Problems with routed IPsec VTI

Ziomalski

I made an alias and was able to capture everything in 25 entries. I won't be adding more that 1 line every few months.

Would dynamic routes solve the NAT issue?

kevindd992002

@ziomalski said in Problems with routed IPsec VTI:

I made an alias and was able to capture everything in 25 entries. I won't be adding more that 1 line every few months.

Would dynamic routes solve the NAT issue?

Have you solved this problem yet? I have the same exact problem here.

Ziomalski

@kevindd992002 So NAT and VTI just do not work on pfS. I ended up using a 2nd VM behind pfS dedicated to VPN. I used VyOS and since I'm moving from Edgerouter, the config is similar.

https://bugs.freebsd.org/bugzilla/show_bug.cgi?id=248474

Have a look here. Those are the details of the issue. TLDR, you can have NAT+VTI working with the console commands. However, this breaks policy-based VPN. If you can deal with that, then just add the changes in console.

kevindd992002

@ziomalski said in Problems with routed IPsec VTI:

@kevindd992002 So NAT and VTI just do not work on pfS. I ended up using a 2nd VM behind pfS dedicated to VPN. I used VyOS and since I'm moving from Edgerouter, the config is similar.

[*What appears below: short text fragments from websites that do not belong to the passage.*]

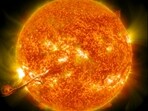 You can now see the sun and its surface in 8k resolution. 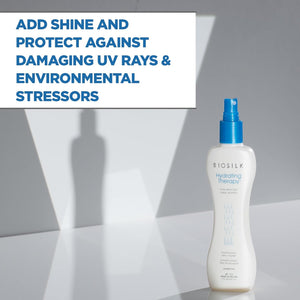 BioSilk Hydrating Therapy Pure Moisture Leave-In Spray, Replenishes Hair Moisture & Protects From Frizz, Sulfate, Paraben, & Cruelty-Free, 7 Oz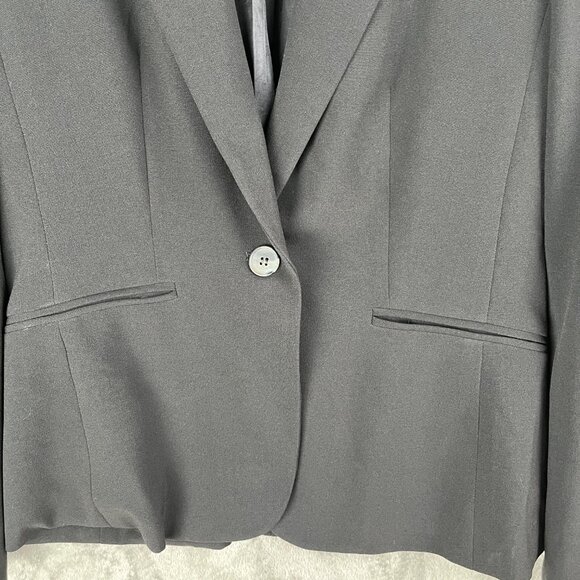 Jones & Co Essentials Blazer Women’s Size 4 Black Stretch Padded Shoulder Work - Picture 6 of 10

https://bugs.freebsd.org/bugzilla/show_bug.cgi?id=248474

Have a look here. Those are the details of the issue. TLDR, you can have NAT+VTI working with the console commands. However, this breaks policy-based VPN. If you can deal with that, then just add the changes in console.

Thanks for the reply. So I guess their documentation about Routed VTI is misleading. It says:

"There are also known issues with NAT, notably that NAT to the interface address works but 1:1 NAT or NAT to an alternate address does not work."

The description in that link you mentioned exactly describes what I'm experiencing. I do have a few policy-based routes in my LAN that uses the IPsec gateway so I guess those console workaround will break these.

If I go with a dedicated VPN router like you did, how do I go about it? Is there a docker container that accomplishes this? And how would the traffic flow be? I'm not well-versed with a dedicated VPN router but I suppose it shouldn't be that hard. Would a dedicated VPN router that's also a pfsense box work too?

kevindd992002

I consulted @jimp and confirmed that the workaround for this issues is this. The only caveat for setting that is it breaks policy-based IPsec tunnels, so if you use both route-based and policy-based then that would be a problem. As I'm using only route-based IPsec then I'm good. I'm testing now.

EDIT: So here's what I did:

Modified these:

Added these:

Restart both boxes

I did that for both ends of the tunnel and as soon as I do that, the IPsec gateway on both ends go down. Any devices from the local end can't reach/ping devices on the remote end and vice versa. The static routes are intact.

As soon as I revert my changes and restart again, routing works beautifully again but the outbound NAT issue is still there of course. Am I doing this wrong?

Ziomalski

@kevindd992002 So i did it in console/shell. If you look at my other post that you replied to, i have them listed there to copy exactly (sysctl ...). In my testing, right after applying the commands things started working. However, I don't believe they were persistent across reboots. Do you have your NAT setup correctly for that interface with correct IP? Check packet capture and see what IP is being used and if packets are coming back.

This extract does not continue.